I hope you do get a chance to visit the museum. With the knowledge that your family spent time in those hillss, it will have even more meaning for you.

Susan in California and Sinsull -

You are right, there are a lot of stories in 8080 miles. In fact, the reason that I make these trips by motorcycle is because stories are inevitable. I once drove a rental truck across the US. Nothing happened. I met no one. On a motorcycle, I feel accessible. People come up and start conversations ingas stations, museums, restaurants, everywhere I stop. Since I have a tendency to be reserved, I need that slight effort on the part of others to meet them. However, once the conversation gets underway, I do just fine.

I can pick a lot of themes out of this trip but I have pretty much covered music related things in the earlier post.

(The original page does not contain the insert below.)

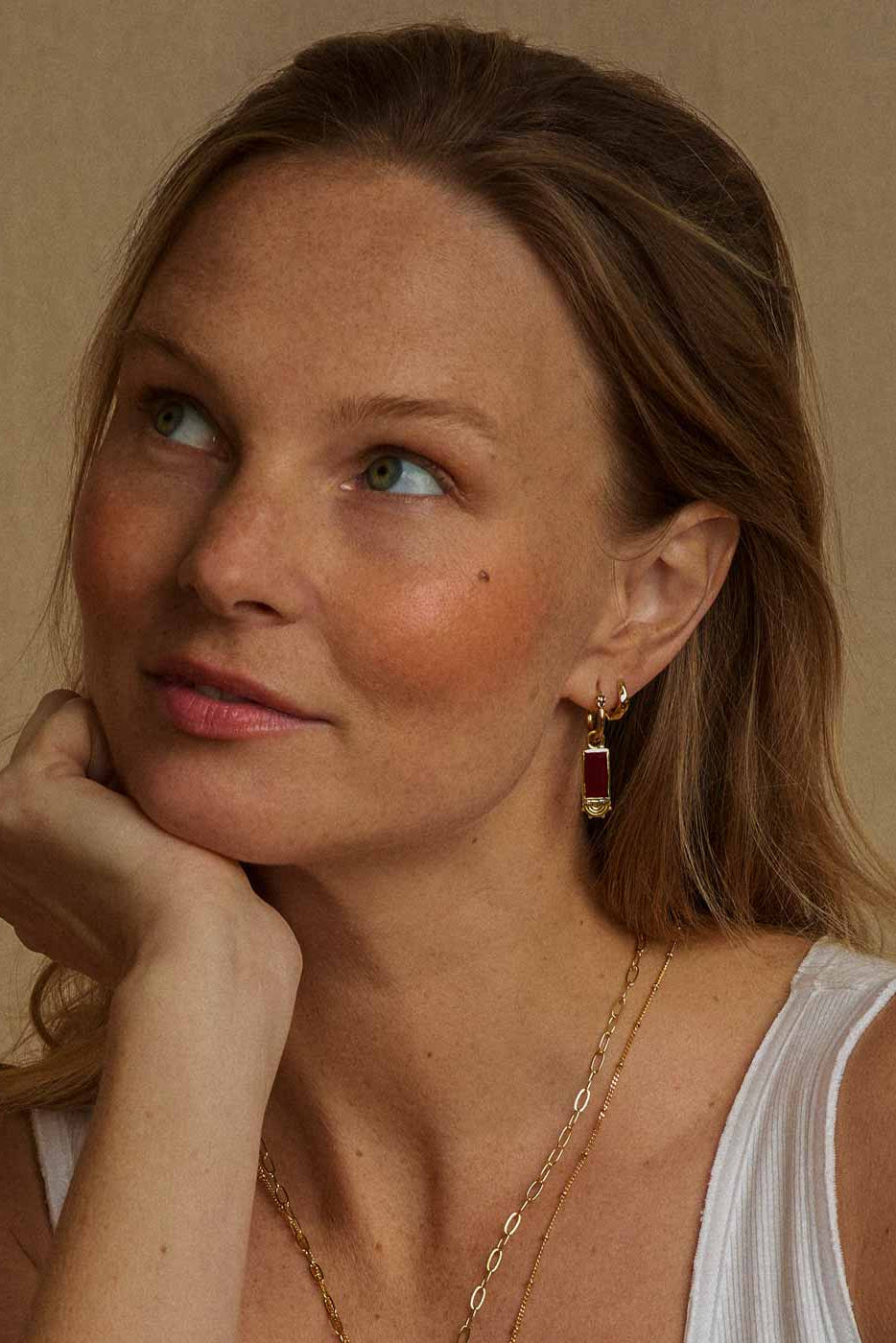 A close-up portrait of a woman with blonde hair, wearing a gold huggie hoop earring with a dark red rectangular drop pendant, layered with a delicate gold chain necklace, against a warm beige background.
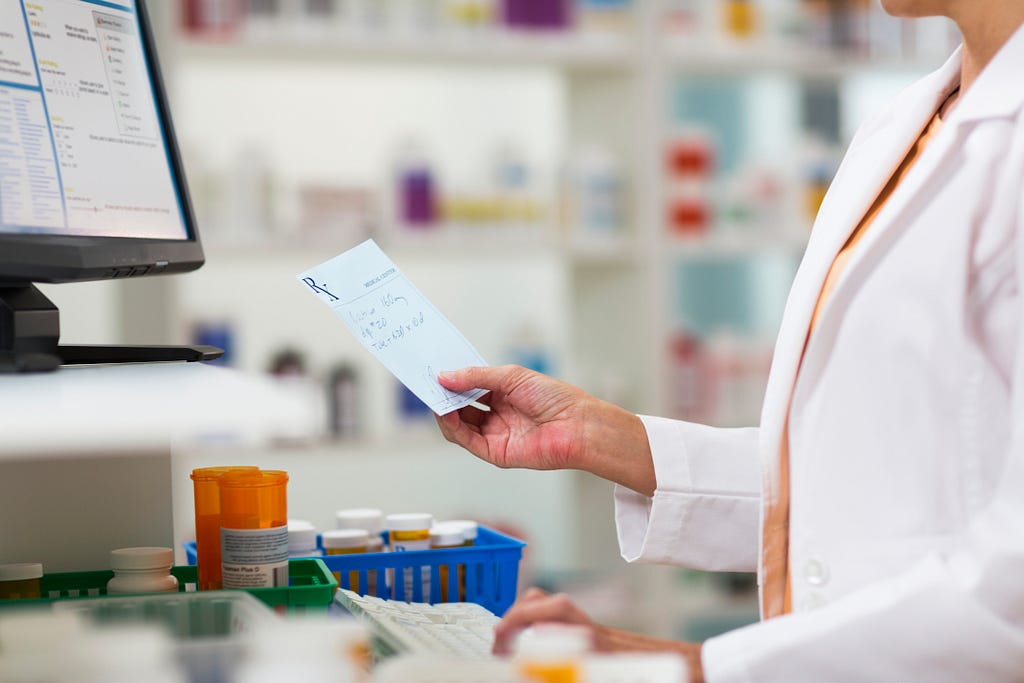 Pharmacist looking at a prescription. Photo by stevecoleimages/Getty Images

I'll write here about some coincidences that happened on the trip.

One story begins more than twenty five years ago on a train running between Boston and New York. I think I have actually written this story on Mudcat a couple of years ago but soemthing happened on this motorcycle trip that fills out the "rest of the story".

Back then, I had been in the club car sitting in on of those big revolving chairs and found myself in a conversation with an old man in a battered hat in the next chair. He had noticed that I was carrying a tripod and had asked if I was a photographer. I explained that I was not but that my wife was and I was carrying the tripod to New York for her. One thing led to another and as the train traveled down the New England coast, we talked about the diffrence in light on the east and west coasts. He was from the west coast and I had spent some time there so we both had opinions on the topic. In fact, we talked a lot about light. After about a half hour of this, a very attractive, well-dressed lady appeared in front of us. I remember that she was very business like and professional as well as polite. She excused herself for having to interrupt my conversation and I assured her that I didn't mind. Hen she turned to the old man and said, and now I am quoting exactly because even after all of these years, her words remain burned into my memory. She said, "Ansel, do you want your schedule now or would you rather wait until we reach New Haven?"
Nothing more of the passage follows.